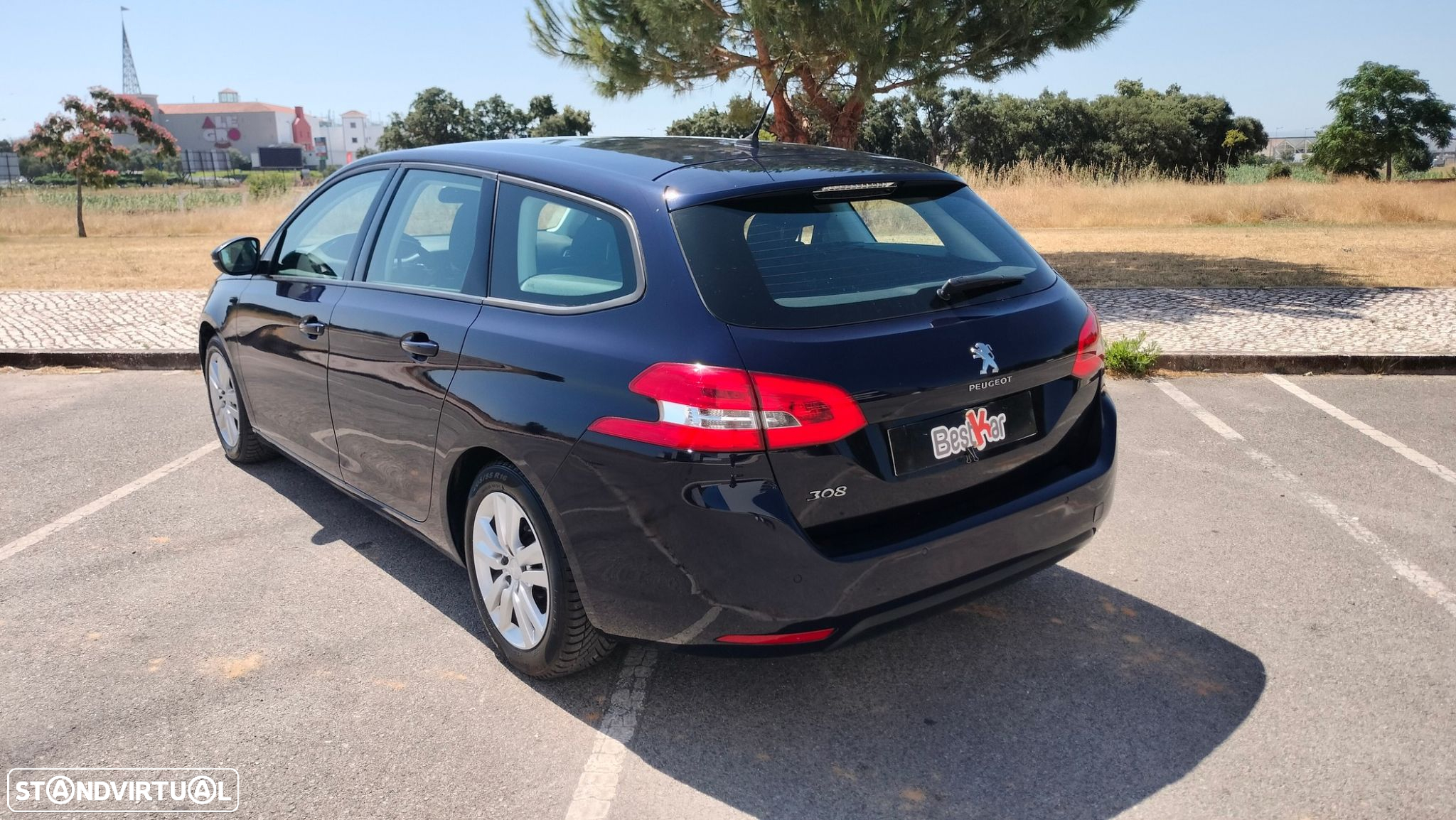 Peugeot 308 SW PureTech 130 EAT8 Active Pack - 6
--
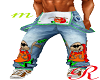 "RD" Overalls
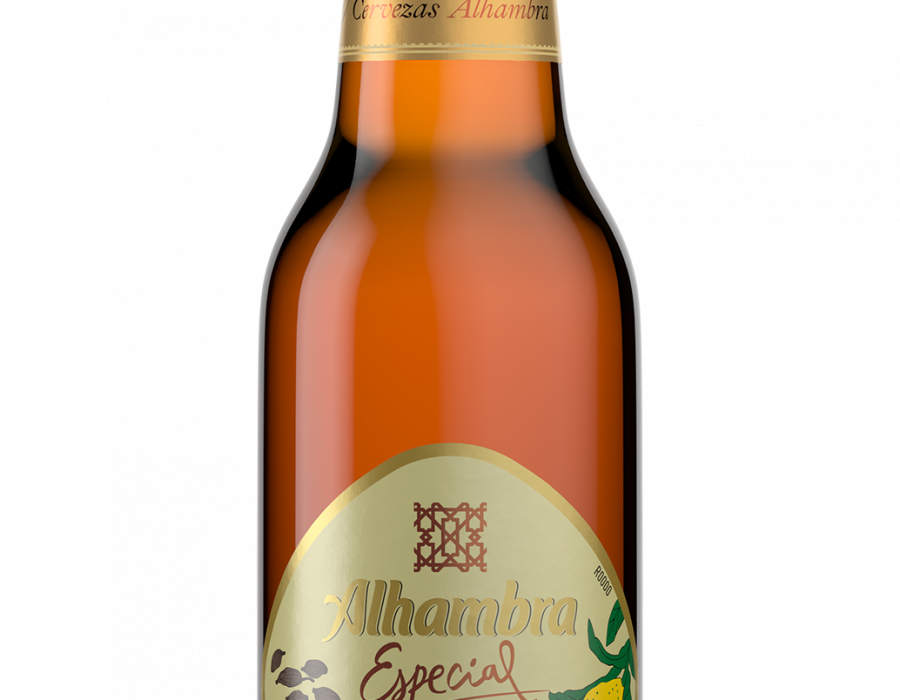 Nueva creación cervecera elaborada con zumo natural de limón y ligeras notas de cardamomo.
==
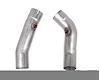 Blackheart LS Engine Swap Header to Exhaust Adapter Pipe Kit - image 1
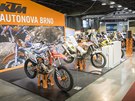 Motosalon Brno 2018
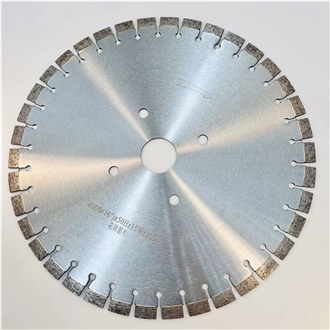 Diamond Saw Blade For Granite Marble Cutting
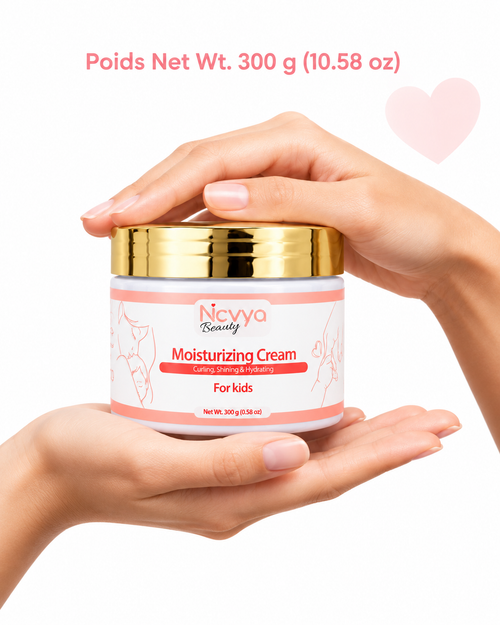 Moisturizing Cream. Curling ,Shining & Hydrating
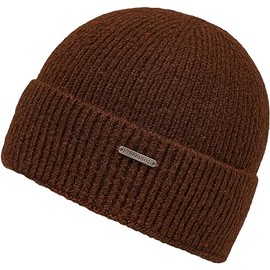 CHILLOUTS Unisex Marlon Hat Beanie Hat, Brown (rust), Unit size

**Assigned task:** Copy the lines above exactly, starting at the one with "Blackheart LS Engine" and ending at the one with "CHILLOUTS Unisex Marlon", both included. Leave out any pictures and add nothing else.

**Result of the exercise:**
 Blackheart LS Engine Swap Header to Exhaust Adapter Pipe Kit - image 1
 Motosalon Brno 2018
 Diamond Saw Blade For Granite Marble Cutting
 Moisturizing Cream. Curling ,Shining & Hydrating
 CHILLOUTS Unisex Marlon Hat Beanie Hat, Brown (rust), Unit size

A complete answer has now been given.